__INSTRUCTIONS TO FOLLOW__. Images do not belong in the copy. Retype all the entries below exactly.

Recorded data
================
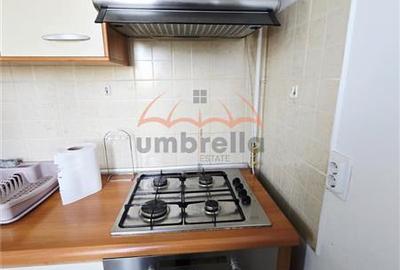 DE INCHIRIAT apartament cu o camera, 37mp, zona Liberty Park, 365 euro - 16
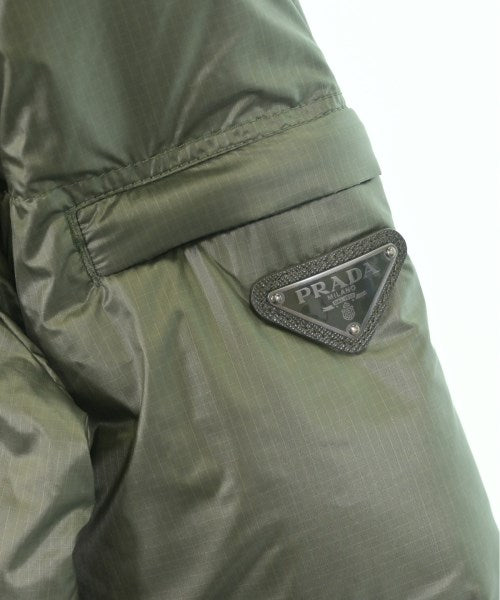 PRADA 羽絨夾克/背心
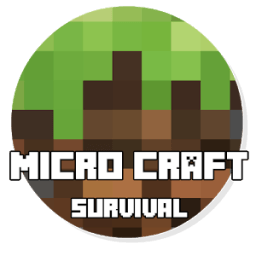 ikon Micro Craft: Survival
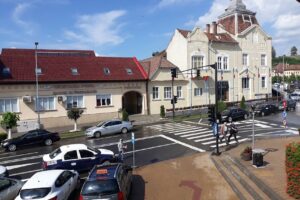 Flanco Smart Discounter Blaj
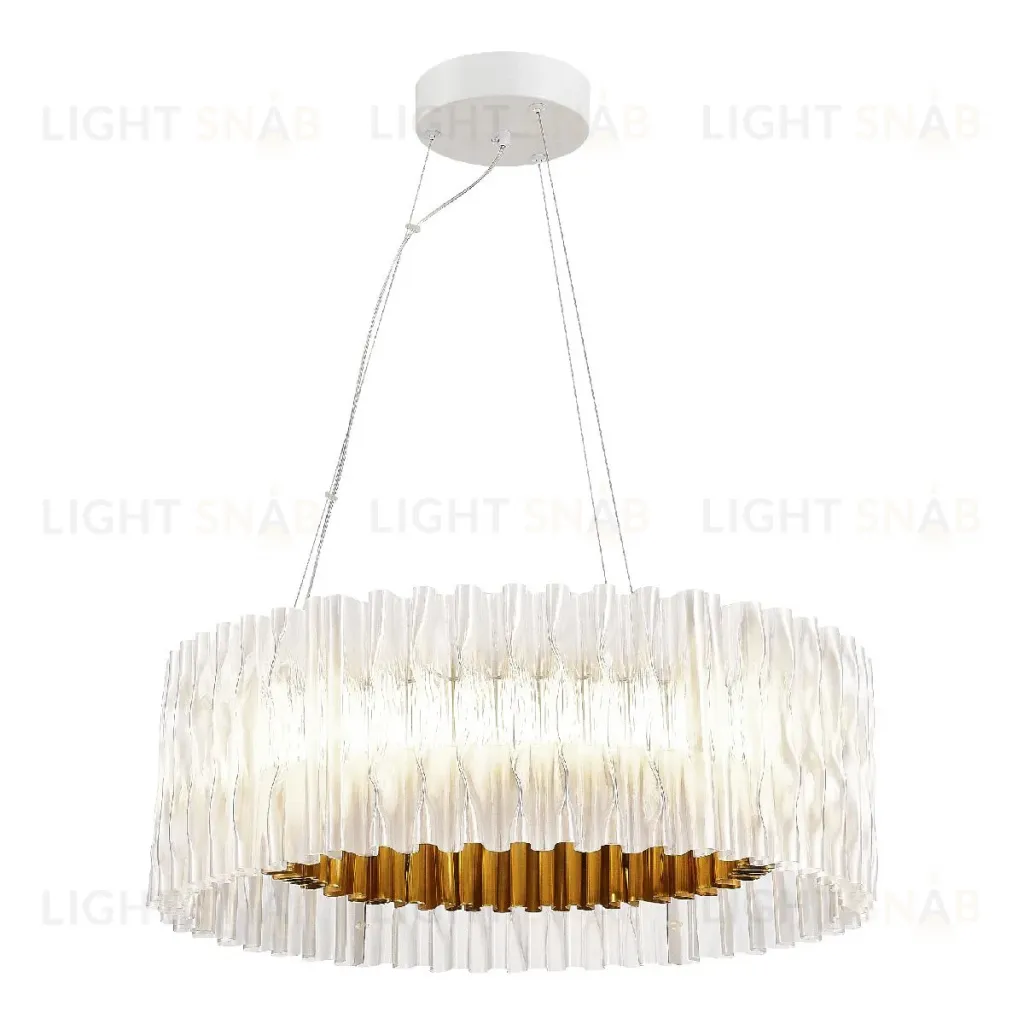 Подвесная люстра ST Luce Nazare SL6012.203.01 SL6012.203.01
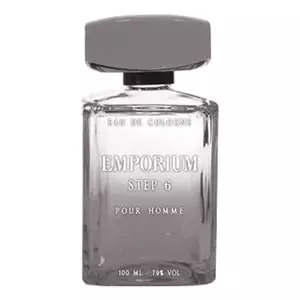 Brocard Emporium Step 6 Pour Homme - Интернет-магазин Aliks Perfume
================
__RESPONSE TO THIS EXERCISE__.
 DE INCHIRIAT apartament cu o camera, 37mp, zona Liberty Park, 365 euro - 16
 PRADA 羽絨夾克/背心
 ikon Micro Craft: Survival
 Flanco Smart Discounter Blaj
 Подвесная люстра ST Luce Nazare SL6012.203.01 SL6012.203.01
 Brocard Emporium Step 6 Pour Homme - Интернет-магазин Aliks Perfume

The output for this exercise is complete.